Cancer Res. 2002 Jul 15;62(14):4132-41.
We have examined whether inhibition of phosphatidylinositol-3 kinase (PI3K) and its target, the serine/threonine kinase Akt, play a role in the antitumor effect of the HER2 antibody Herceptin. Herceptin inhibited colony formation, down-regulated cyclin D1, and increased p27 protein levels in the HER2 gene-amplified BT-474 and SKBR-3 human breast cancer cells. These effects were temporally associated with the inhibition of PI3K activity in vitro as well as Akt function as measured by steady-state levels of phospho-Ser473 Akt and kinase activity against glycogen synthase kinase (GSK)-3beta. These responses were not observed in MDA-361 and MDA-453 cells, which do not exhibit HER2 gene amplification and are relatively resistant to Herceptin. Treatment of BT-474 cells with Herceptin inhibited the constitutive tyrosine phosphorylation of HER3 and disrupted the basal association of HER3 with HER2 and of HER3 with p85alpha potentially explaining the inhibition of PI3K. Treatment with either Herceptin or the PI3K inhibitor LY294002 increased the levels of p27 in the nucleus>cytosol, thus increasing the ratio of p27:Cdk2 in the nucleus and inhibiting Cdk2 activity and cell proliferation. Antisense p27 oligonucleotides abrogated the increase in p27 induced by Herceptin and prevented the antibody-mediated reduction in S phase. Transduction of BT-474 cells with an adenovirus-encoding active (myristoylated) Akt (Myr-Akt), but not with a beta-galactosidase control adenovirus, prevented the Herceptin- or LY294002-induced down-regulation of cyclin D1 and of phosphorylated GSK-3beta and prevented the accumulation of p27 in the nucleus and cytosol.
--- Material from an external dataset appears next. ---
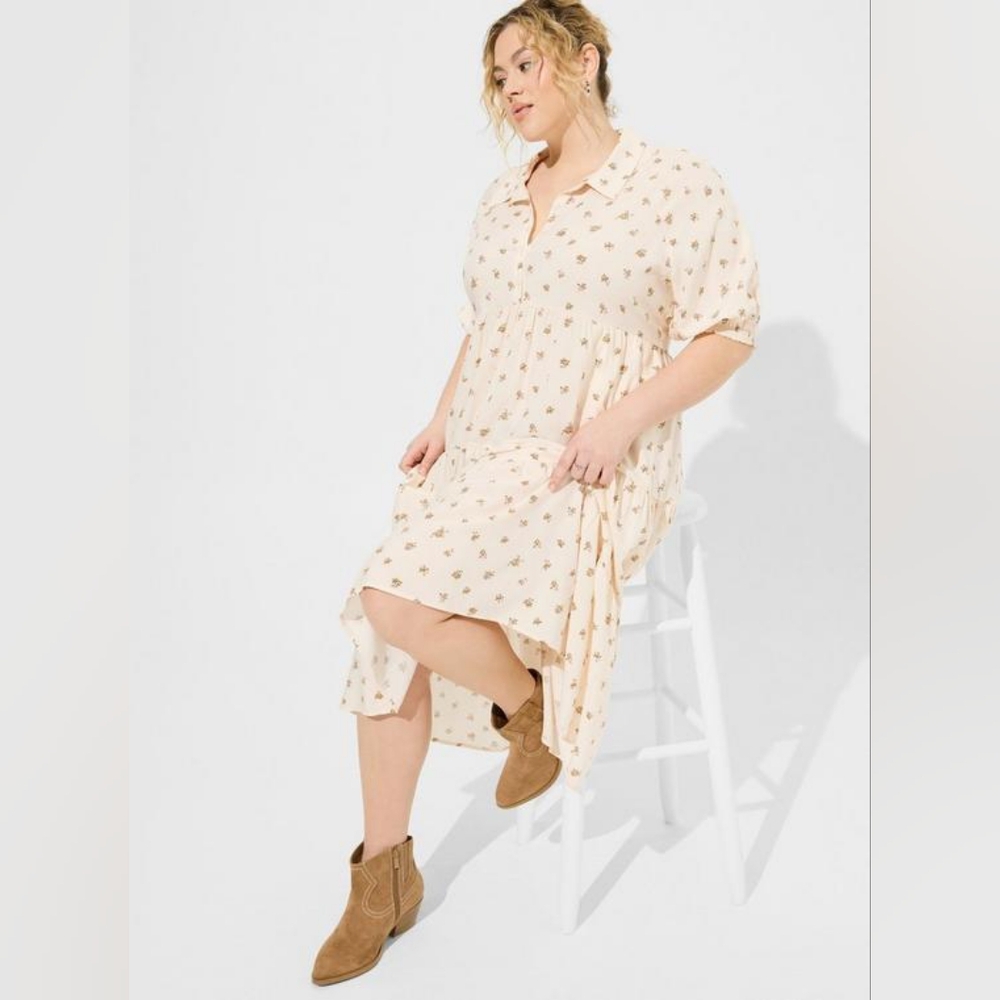 Maxi Washable Challis Hi-Low Tiered Shirtdress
In addition, Myr-Akt prevented Herceptin-induced inhibition of the cell proliferation of BT-474 cells and Herceptin-induced apoptosis of SKBR-3 cells. These data suggest that (a) changes in cell cycle- and apoptosis-regulatory molecules after HER2 blockade with Herceptin result, at least in part, from the inhibition of Akt; and (b) disabling PI3K and Akt is required for the antitumor effect of HER2 inhibitors.
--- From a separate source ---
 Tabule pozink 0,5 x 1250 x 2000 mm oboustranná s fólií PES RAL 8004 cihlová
我们研究了磷脂酰肌醇-3激酶(PI3K)及其靶点丝氨酸/苏氨酸激酶Akt的抑制作用是否在HER2抗体赫赛汀的抗肿瘤效应中发挥作用。赫赛汀抑制了HER2基因扩增的BT-474和SKBR-3人乳腺癌细胞的集落形成,下调了细胞周期蛋白D1,并增加了p27蛋白水平。这些效应在体外与PI3K活性的抑制以及Akt功能的抑制在时间上相关,Akt功能通过磷酸化丝氨酸473的Akt的稳态水平以及针对糖原合酶激酶(GSK)-3β的激酶活性来衡量。在不表现出HER2基因扩增且对赫赛汀相对耐药的MDA-361和MDA-453细胞中未观察到这些反应。用赫赛汀处理BT-474细胞可抑制HER3的组成型酪氨酸磷酸化,并破坏HER3与HER2以及HER3与p85α的基础结合,这可能解释了PI3K的抑制。用赫赛汀或PI3K抑制剂LY294002处理可增加细胞核>细胞质中p27的水平,从而增加细胞核中p27:Cdk2的比例并抑制Cdk2活性和细胞增殖。反义p27寡核苷酸消除了赫赛汀诱导的p27增加,并阻止了抗体介导的S期减少。用编码活性(肉豆蔻酰化)Akt(Myr-Akt)的腺病毒转导BT-474细胞,但不用β-半乳糖苷酶对照腺病毒转导,可防止赫赛汀或LY294002诱导细胞周期蛋白D1和磷酸化GSK-3β的下调,并防止p27在细胞核和细胞质中的积累。此外,Myr-Akt可防止赫赛汀诱导的BT-474细胞增殖抑制和赫赛汀诱导的SKBR-3细胞凋亡。这些数据表明:(a)用赫赛汀阻断HER2后细胞周期和凋亡调节分子的变化至少部分是由于Akt的抑制;(b)HER2抑制剂的抗肿瘤效应需要使PI3K和Akt失活。